THE TASK>
The answer must consist solely of the lines from the one with "frozen 2 characters earth giant" through the last line of the data, copied exactly, with no pictures.
- Opening Delimiter -
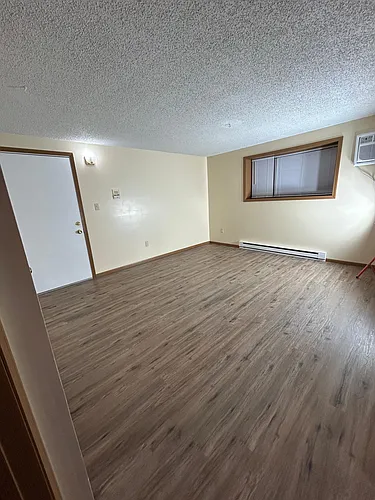 9215 Niemel Dr #4 Photo 1 9215 Niemel Dr #4 Photo 1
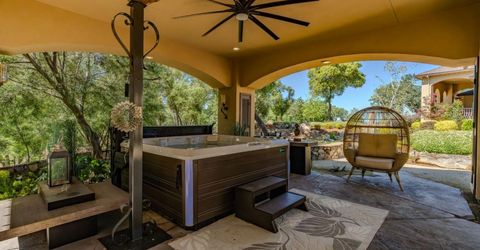 4201 Irish Port Ln, Placerville, CA 95667 Photo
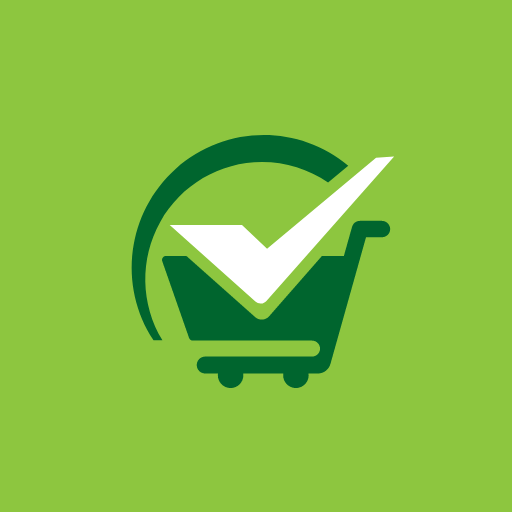 Mini Mercado logo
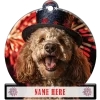 Golden Doodle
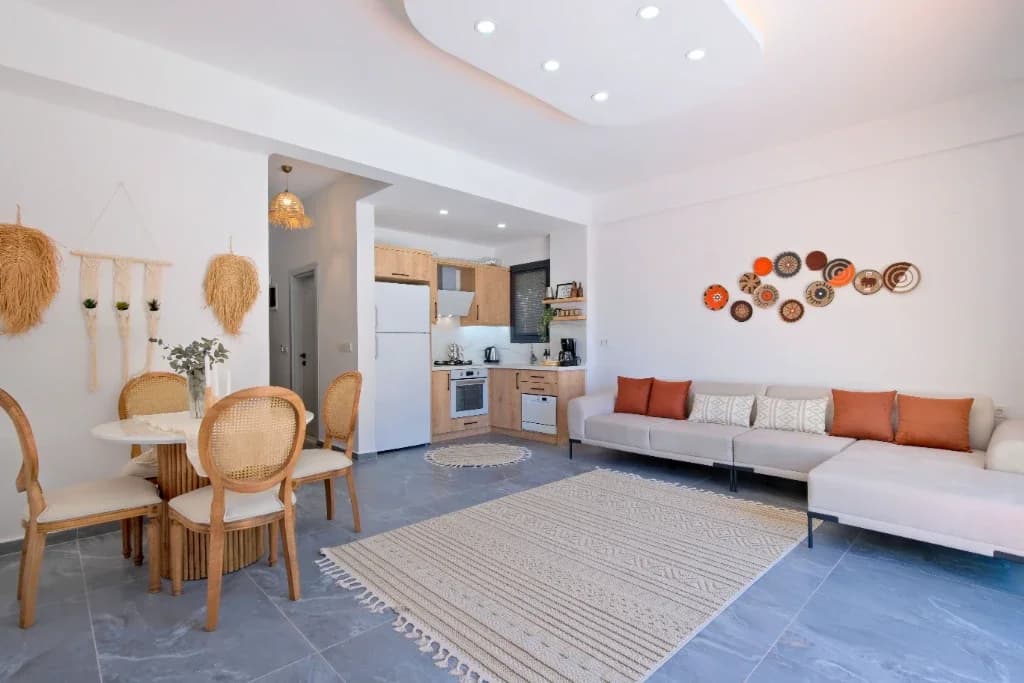 Villa Sole 40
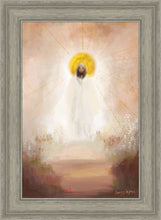 Load image into Gallery viewer, Why Hast Thou Forsaken Me?
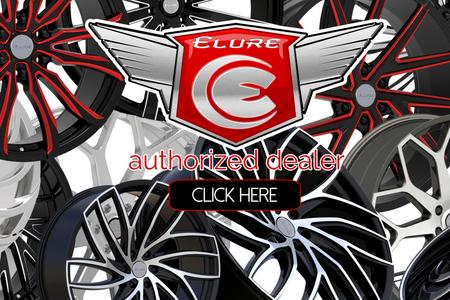 Wheels for sale near Columbus Dublin Ohio. Jeep wheels for sale Columbus Ohio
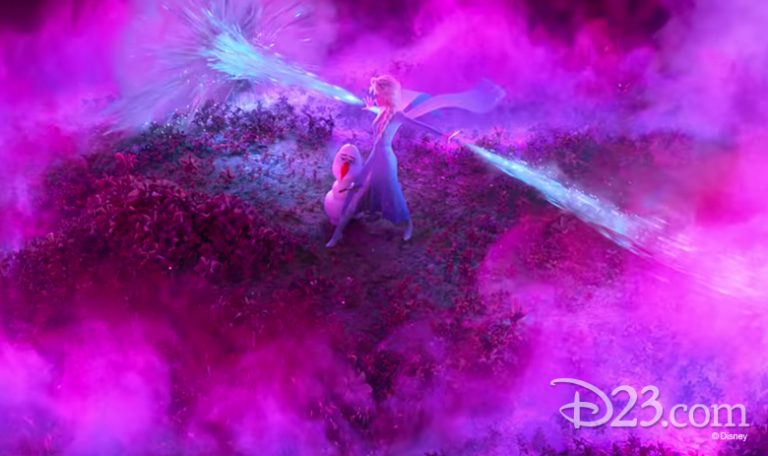 frozen 2 characters earth giant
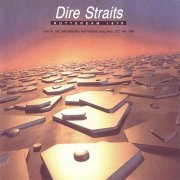 Dire Straits - Rotterdam 1978 (1990)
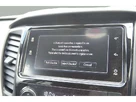 2021-mitsubishi-shogun-sport-24di-d-4-small-41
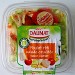 POULET RÔTI SALADE CRUDITÉS SAUCE CAESAR 250g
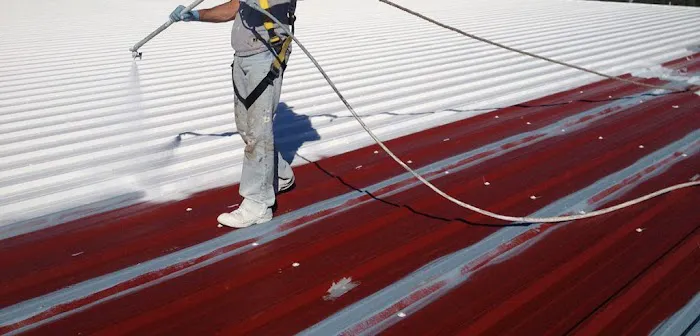 C N M Team Commercial Roofing LLC Picture 5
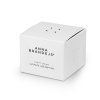 j67b06e43d2392 ab night cream ultimate age defying box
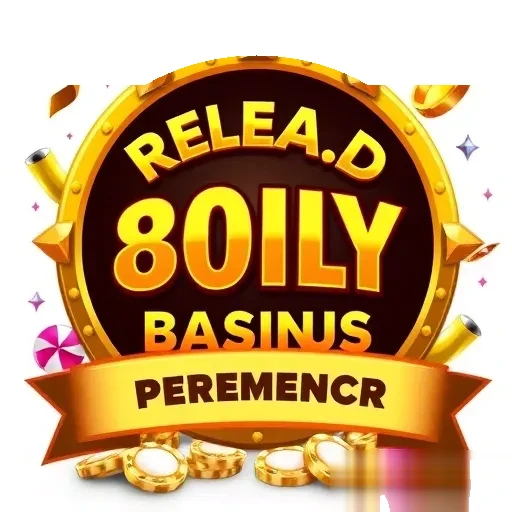 Slots com prêmios 9kbet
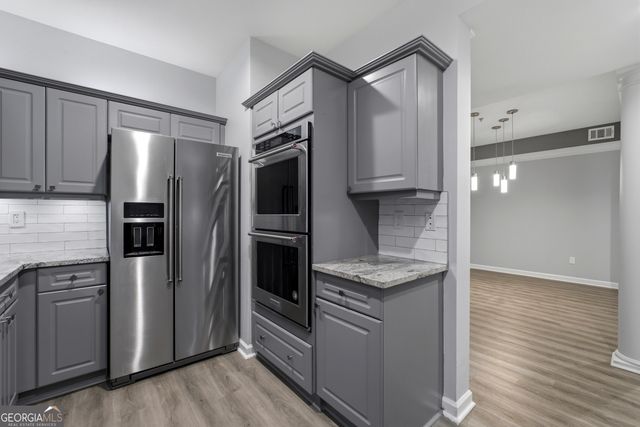 3047 Lenox Road NE 1103, Atlanta, GA 30324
- Closing Delimiter -
TASK OUTPUT>
 frozen 2 characters earth giant
 Dire Straits - Rotterdam 1978 (1990)
 2021-mitsubishi-shogun-sport-24di-d-4-small-41
 POULET RÔTI SALADE CRUDITÉS SAUCE CAESAR 250g
 C N M Team Commercial Roofing LLC Picture 5
 j67b06e43d2392 ab night cream ultimate age defying box
 Slots com prêmios 9kbet
 3047 Lenox Road NE 1103, Atlanta, GA 30324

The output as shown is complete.